The undertaking addresses these vertical competition concerns by:

  • requiring AAT to comply with a number of non-discrimination, open access, ring-fencing of confidential information and self-reporting obligations;
  • providing mechanisms for the independent resolution of price and non-price related disputes if parties consider that they have been discriminated against or have other concerns relating to the supply of terminal services by AAT;
  • providing for independent auditing of AAT’s compliance with its obligations in the undertaking; and
  • providing the ACCC with the power to publicly review the undertaking two years after its commencement and every five years thereafter.

Limitation of merger remedies for privatisations involving monopoly infrastructure

The undertaking given by AAT comprehensively addresses the competition concerns arising from AAT’s vertical integration. However, merger remedies, such as section 87B undertakings, are not a substitute for effective access regulation. This is because merger remedies must be connected to the competition concerns arising from an acquisition and will not always address competition issues arising from the monopoly characteristics of the infrastructure that exist regardless of ownership.

“One important limitation of merger remedies in section 87B undertakings is that they do not adequately address underlying monopoly pricing concerns,” Mr Sims said

“The appropriate mechanism to deal with monopoly pricing concerns and prevent damage to the economy in the future is through undertakings under Part IIIA of the Act.”

This regime requires initial tariffs to be determined through an up-front price setting process or a negotiate arbitrate framework thus addressing concerns about monopoly pricing whilst ensuring the infrastructure provider is allowed an appropriate return reflecting the commercial and regulatory risks associated with its investment.

This concern about the limitation of merger remedies equally applies to the recent merger remedy accepted from the alternative bidder for the long term lease at Port of Fremantle, Victoria Quay International RoRo Terminal Pty Ltd (VQIRT) and, in a separate privatisation, the merger remedy accepted from Melbourne International RoRo & Auto Terminal Pty Ltd (MIRRAT) to address vertical competition concerns arising from its acquisition of a long-term lease to operate the Webb Dock West automotive terminal at the Port of Melbourne.
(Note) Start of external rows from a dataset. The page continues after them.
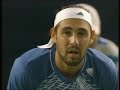Play Of Week - Marcos Baghdatis 21.09.2006 Play Of Week - Marcos Baghdatis 21.09.2006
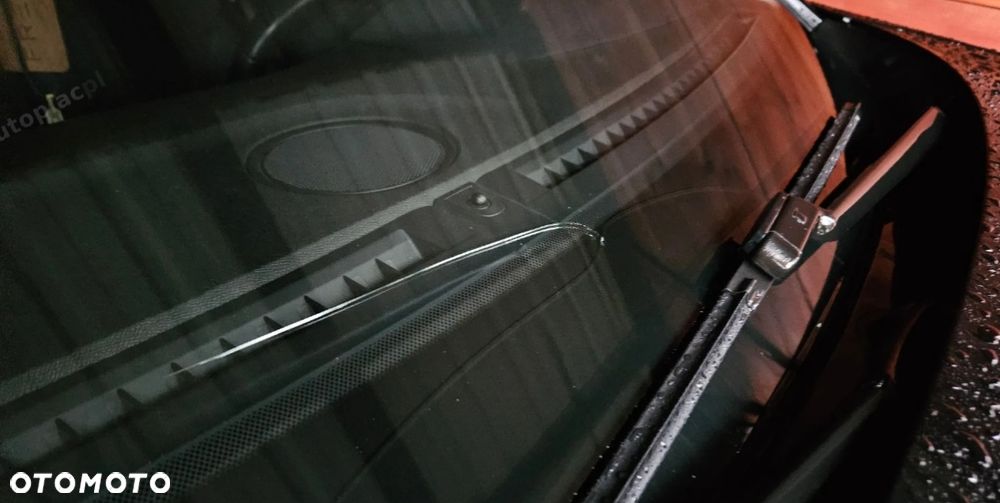 Peugeot 508 - 17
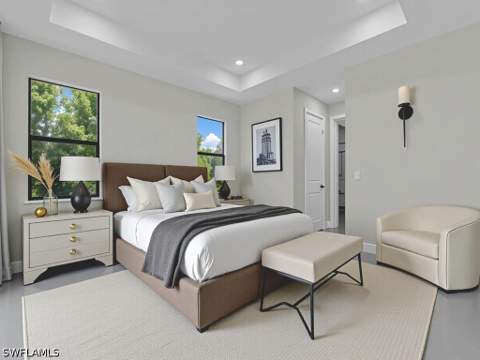 503 Lincoln Blvd, Lehigh Acres FL - photo 10 of 21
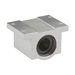 IPP12G Thumbnail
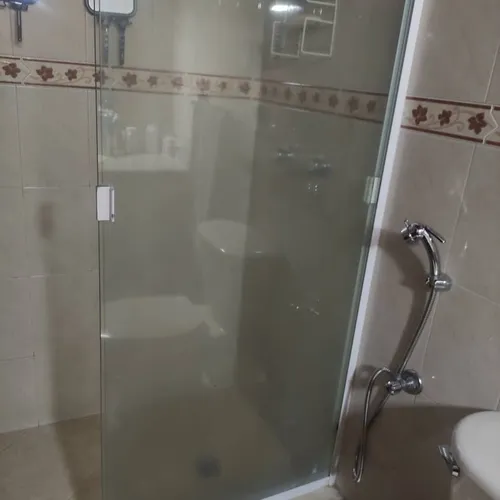 Vendo Casa En Macaracuay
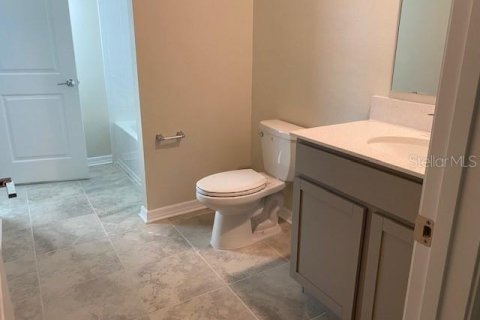 Casa en alquiler en Kissimmee, Florida, 4 dormitorios, 241.55 m2 № 1851229 - foto 16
Access regulation using Part IIIA undertakings

Part IIIA of the Act is the primary legislation governing access to infrastructure services throughout Australia. It is designed to address concerns through a public assessment process in industries where an infrastructure asset with natural monopoly characteristics forms a bottleneck for firms operating in upstream or downstream markets.

In the ACCC’s experience, the access undertaking provisions of Part IIIA are effective in facilitating the efficient use of, and investment in, infrastructure and competition in related markets.

However the ACCC is unable to compel parties to offer access undertakings pursuant to Part IIIA. Like section 87B undertakings, Part IIIA undertakings are voluntary. Nevertheless governments have the ability, when offering the right to operate monopoly infrastructure, to require that the successful bidder must offer a Part IIIA access undertaking which is acceptable to the ACCC.

“If governments continue to privatise monopoly assets without requiring appropriate regulatory regimes, such as Part IIIA undertakings or robust State or Territory access regimes, this concern will be perpetuated and may result in inflating costs in downstream markets and ultimately higher prices for end consumers.” Mr Sims said.

The ACCC strongly encourages governments and potential acquirers of monopoly infrastructure assets to engage with the ACCC in future to ensure that competition issues arising from privatisations are addressed and considered in a timely way by Part IIIA access undertakings.

The undertaking will be available on the public register.